All of the data below should be repeated exactly. Pictures should not be included.

**Supplied information**.
BEGIN

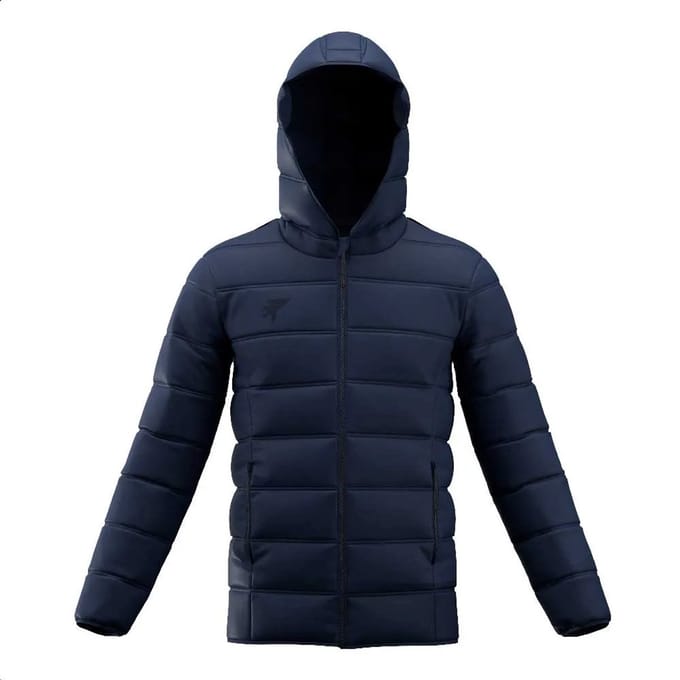 Joma Explorer Jas Blauw S Man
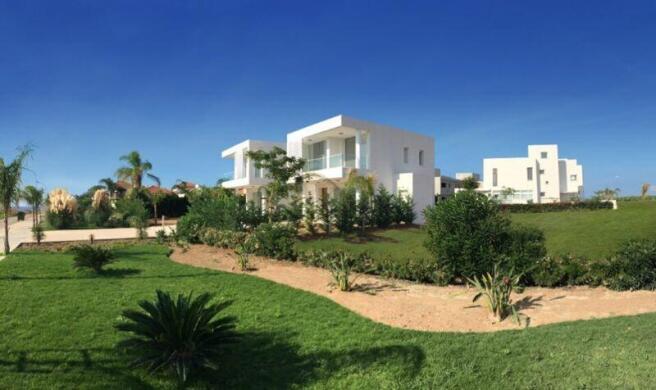 Property view...
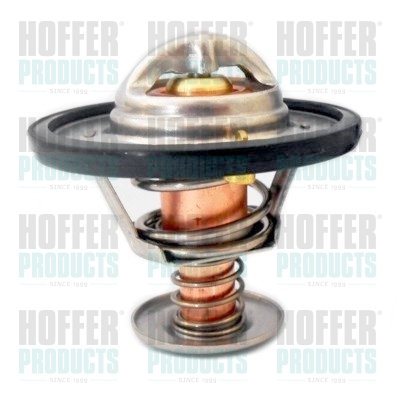 HOFFER 8192120 Termostat,...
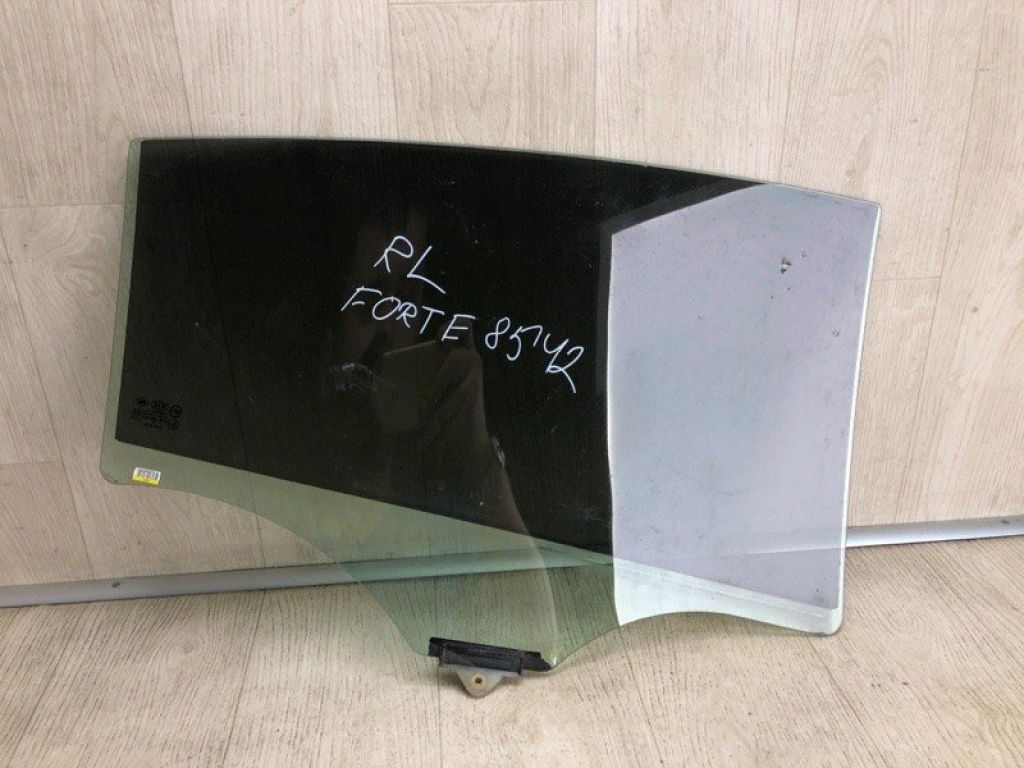 83410-A7020 | Скло дверей задн. лів. KIA FORTE YD 12- - Фото 3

END

**Answer to this exercise**.
 Joma Explorer Jas Blauw S Man
 Property view...
 HOFFER 8192120 Termostat,...
 83410-A7020 | Скло дверей задн. лів. KIA FORTE YD 12- - Фото 3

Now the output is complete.